Paula se imaginó a sí misma atosigada por las explicaciones de él acerca de reuniones de trabajo, de preparativos de fiestas sorpresa... Pero luego imaginó las dudas que corroían su interior, silenciadas para siempre ante el miedo a la verdad. No, jamás podría vivir consigo misma, ni con Pedro, a menos que supiera a ciencia cierta si le había sido infiel. Debía saber si la había engañado en su propia casa, en su propio dormitorio. Y, por supuesto, no tenía más alternativa que subir. Ella alzó la cabeza y observó aterrada las escaleras, deseando encontrar una explicación. Quizá aquella mujer fuera diseñadora de interiores, experta en tapicerías, y hubiera corrido las cortinas para... para... 


Paula se llevó el puño a la boca desesperada, tratando de ahogar un grito. ¿Y la ropa interior?, ¿para qué, por qué iba nadie a quitárselas? Ella siguió subiendo y vio otras... cosas más allá, cosas de las que no fue capaz de apartar el ojo. Era imposible, Pedro la amaba. Pero quizá no la amara ya más. Quizá la hubiera amado, hacía tiempo. ¿Cuánto tiempo hacía que no hacían el amor, que no se procuraban afecto? Demasiado. En realidad, llevaban vidas separadas. 

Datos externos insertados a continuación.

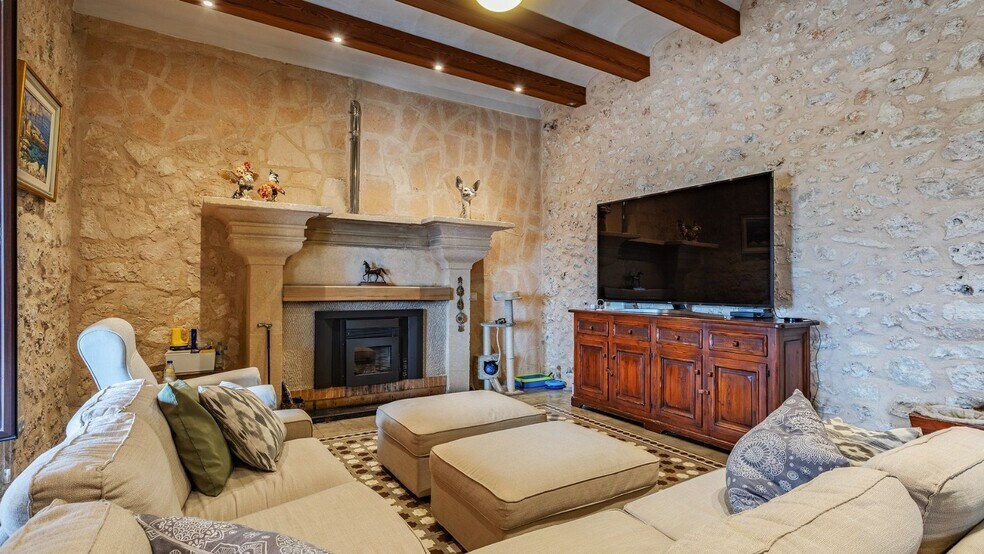 Land in Lloret de Vistalegre for sale - Interior Photo - Image 1 of 47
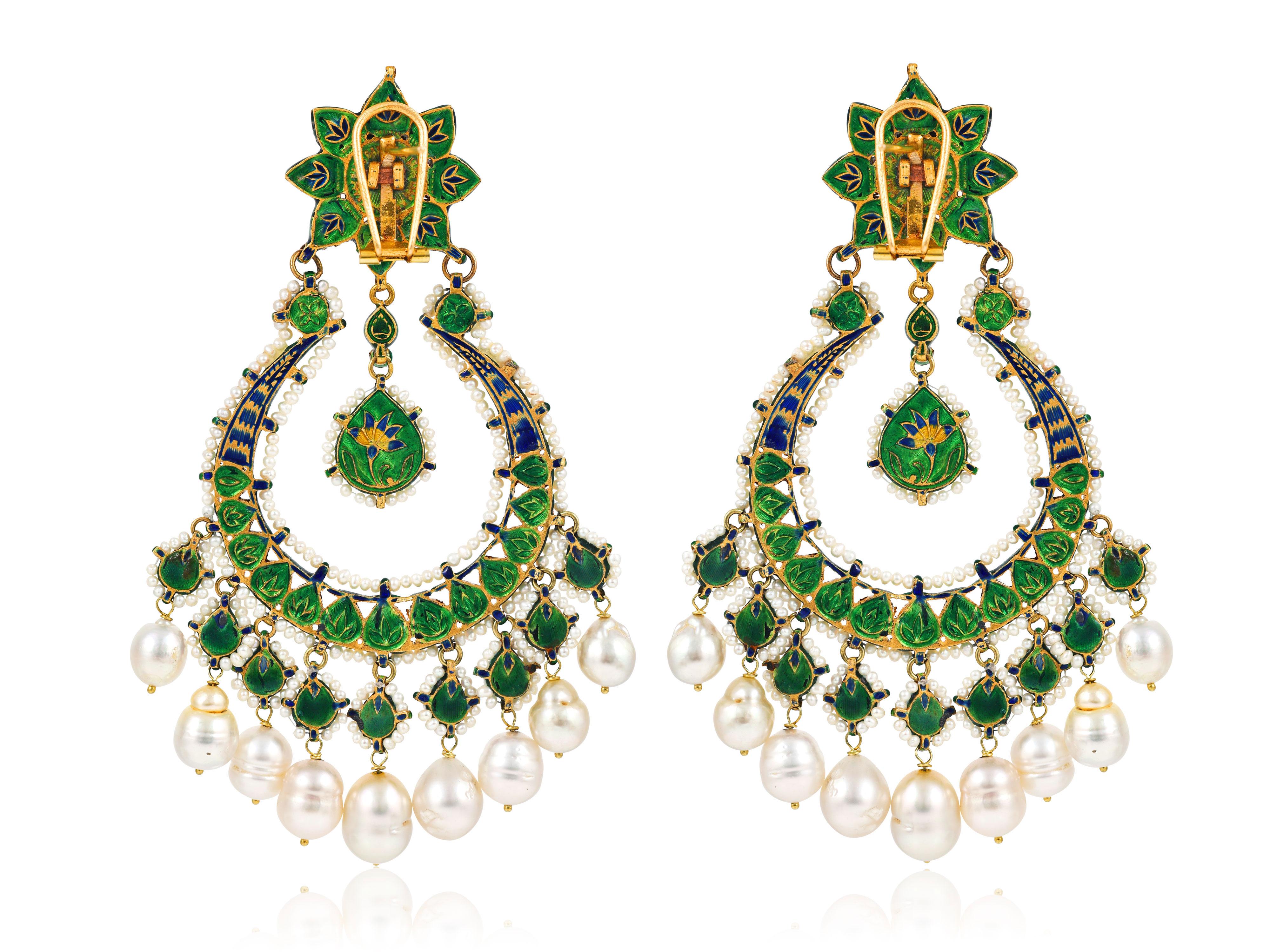 22K gold Indian Mughal Chandbali in Kundan Meena Diamond Polki and pearls In New Condition For Sale In Bangkok,, TH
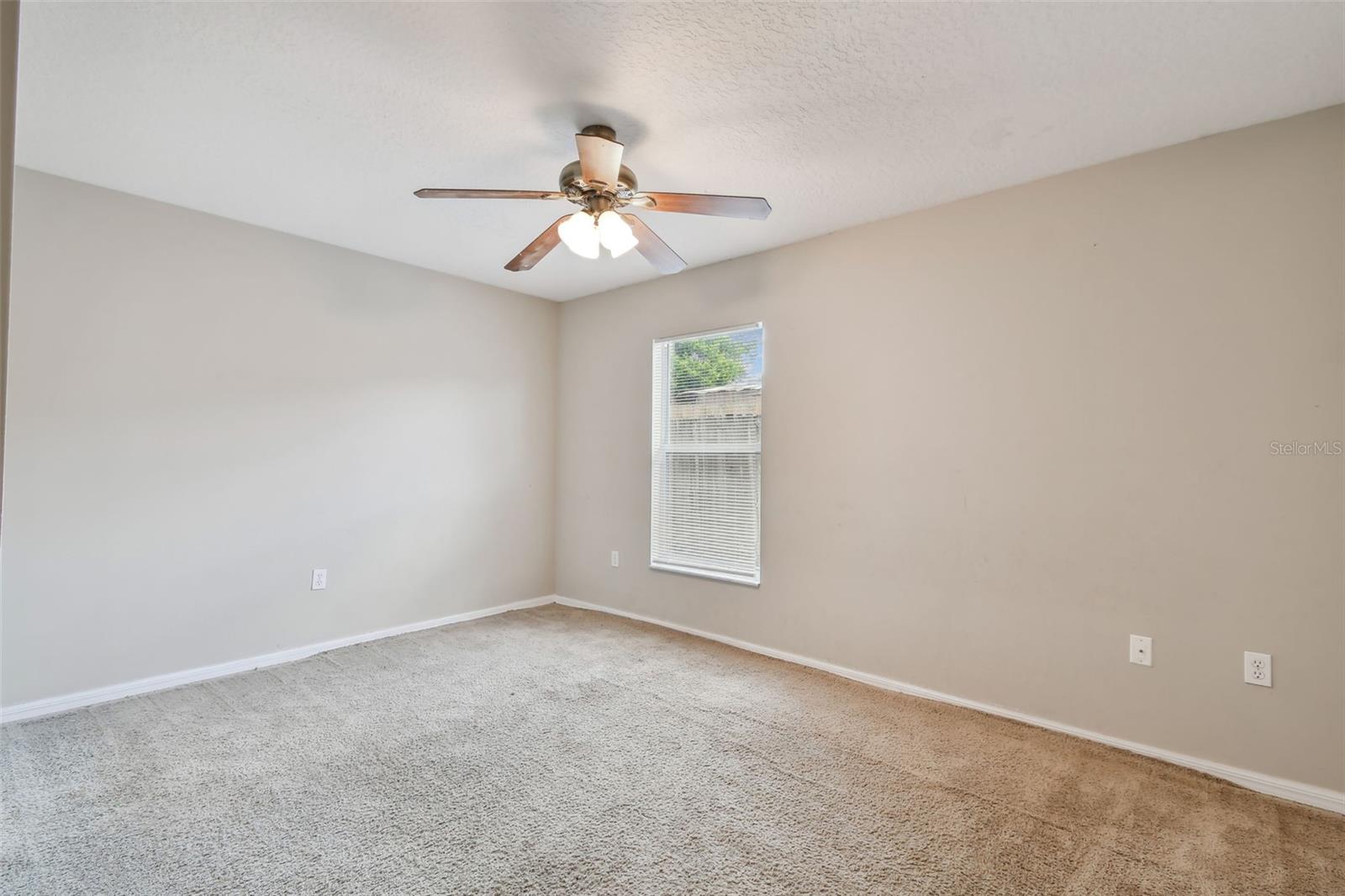 1561 E MERRICK DR, DELTONA, FL, 32738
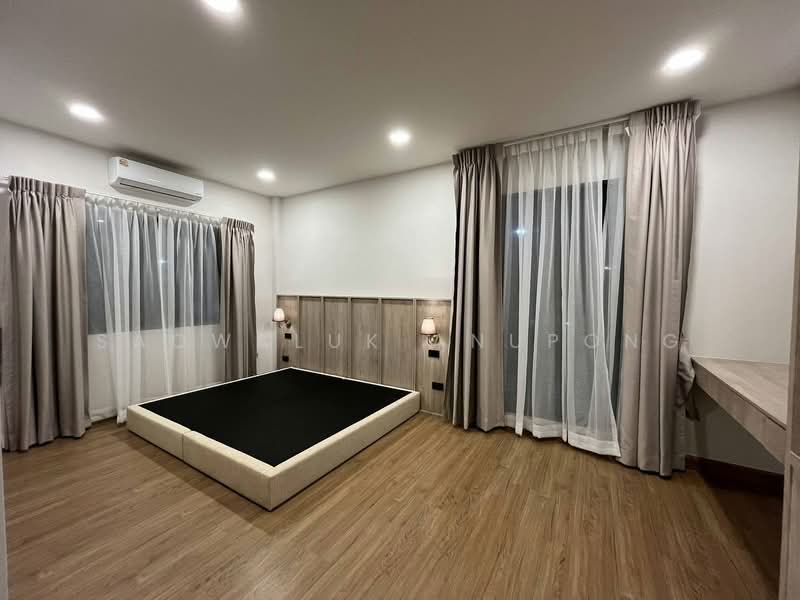 Centro Bangna, Samut Prakan, 111 Soi 3, Bang Kaeo, Bang Plee, Samut Prakan, 4 Bedrooms, 209 sqm, Single Detached House For Rent, by Saowaluk Anupong, 500393785 - DDproperty.com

Paula comenzó a sentirse culpable. Había estado demasiado ocupada, demasiado cansada... pero hacían falta dos para bailar el tango. También él había alegado cansancio y agotamiento. 


Pero agotamiento, ¿de qué?, preguntó una voz suspicaz en su mente. 


Pedro siempre llegaba cansado a casa. Era como estar casada con un hombre invisible. Algunos días, lo más cerca que estaba de él era cuando se levantaba de madrugada para plancharle la camisa. Él utilizaba dos camisas limpias al día, a veces tres. Tras quemar un par él, una mañana con la plancha, ella había decidido ocuparse de esa tarea. En aquel momento se preguntaba si no habría estado preparándolo para su amante. 


Paula se armó de valor y siguió subiendo, sin mirar los zapatos rojos de tacón. Eran zapatos de fulana. Más arriba un sujetador, un liguero y una camiseta. Luego una camisa azul de ejecutiva, una falda y una chaqueta, tiradas de forma artística encima del último escalón. Tenía la boca seca. Cada escalón era como la cima de una alta montaña, acercándola cada vez más a la temida verdad. Apenas oía las voces de Pedro y aquella mujer; no podía oír lo que decían, tal era el retumbar de su corazón. El cuerpo le pesaba. Rogaba por que todo fuera un sueño, una alucinación. Soñaba con despertar y reír a carcajadas, junto a él, mientras la abrazaba, juraba que jamás miraría a otra mujer, y reconocía que en los últimos tiempos la tenía muy abandonada... 


Había llegado el momento, se lamentó ella. Había alcanzado el final de las escaleras.Paula sollozaba y jadeaba sin control mientras observaba un par de piernas femeninas desnudas.